To return to our example, not all of the information is possible to fill all the elements in each of the six possible transformations. For example, schema 2 separately states the capacity of each of the hard disk partitions, whereas schemas 1 and 3 give the total hard disk capacity. The algorithm, however, generates XSLT that fills XML elements for which the information is available. For example, the following XSLT will convert schema 3 to schema 1.
<?xml version="1.0" encoding="UTF-8"?> <xsl:stylesheet xmlns:xsl="http://www.w3.org/1999/XSL/Transform" version="1.0"> <xsl:template match="/"> <xsl:apply-templates select="unit[1]"/> </xsl:template> <xsl:template match="unit"> <computer> <harddisk> <capacity> <xsl:value-of select="floor(storage/text() div 1000)"/> </capacity> </harddisk> </computer> </xsl:template> </xsl:stylesheet> |
The final stage is deployment. Just like manually developed transformations, the auto-generated transformations can be deployed into an XSLT engine within an EAI message broker or a Semantic Web server, then executed as needed. (See [] .)
A semantic hub can significantly simplify XSLT-development. Moreover, once schemas are mapped, new possibilities open up for XSLT-generation at run-time. For example, a message broker can request a transformation for a given source and target schema, and as long as these schemas have been mapped, the integration of two applications can occur automatically at runtime. Likewise, a Semantic Web server can get transformation code to integrate semantic information for mapped schemas, even though the schemas were developed separately. Since total coordination cannot be expected, no two systems will have identical XML schemas for their expected transmissions, and so transformation will always be necessary. Dynamic generation of the relevant XSLT, based on an information model, can bring us a step closer to total runtime integration of enterprise applications, and to the future reality of the Semantic Web.
A use case may help demonstrate a typical business application of the semantic hub. An international manufacturing company discovers that it is incurring inventory excesses and stock shortages due to discrepancies between the different systems used to plan its various manufacturing processes and flow of goods. The company cannot monitor these discrepancies, as the dissimilar systems transmit data in entirely different XML schemas.
One system manages real-time operations while another manages weekly planning across time zones and rollover from the previous week’s results. Another applications summarize monthly data across geographical areas, and a number of other applications vary similarly. The information in all these systems must be coordinated and accessible in a uniform format. Moreover, the systems must interact with other systems that act differently at different times, depending on the shipping status or other knowledge about a product and its progress in the production line. Business logic embedded in one process must be visible to the other processes.
The company uses a semantic hub to create an information model for its manufacturing planning, which is mapped to and from each of the data systems. Besides immediately exposing hidden discrepancies and improving the quality of the company’s information, the semantic hub now allows data to be easily transformed from one system to another, with no human intervention beyond the initial modeling and mapping work.

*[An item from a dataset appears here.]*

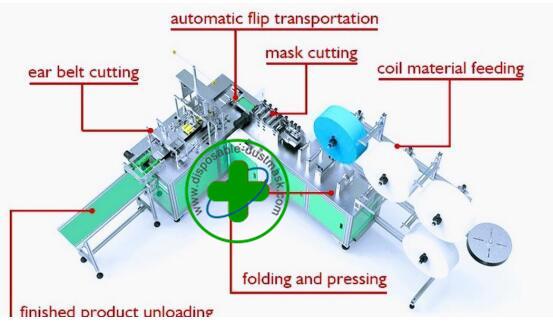 Three Layer Mask Production Machine Automatic Face Mask Manufacturing Machine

The resulting XSLT code is of high quality, since it precisely reflects the underlying semantics of the XSD's in the simplest possible way, and when schemas are changed or new schemas are added, developing new XSLT is a simple matter of generating it automatically.
By giving semantics to XSD-elements, we can significantly reduce the complexity of developing XSLT. In addition to the design-time simplicity, the runtime generation of XSLT for mapped schemas is an important advance in the direction of truly dynamic integration.
I thank Joram Borenstein and Zvi Schreiber for their valuable comments.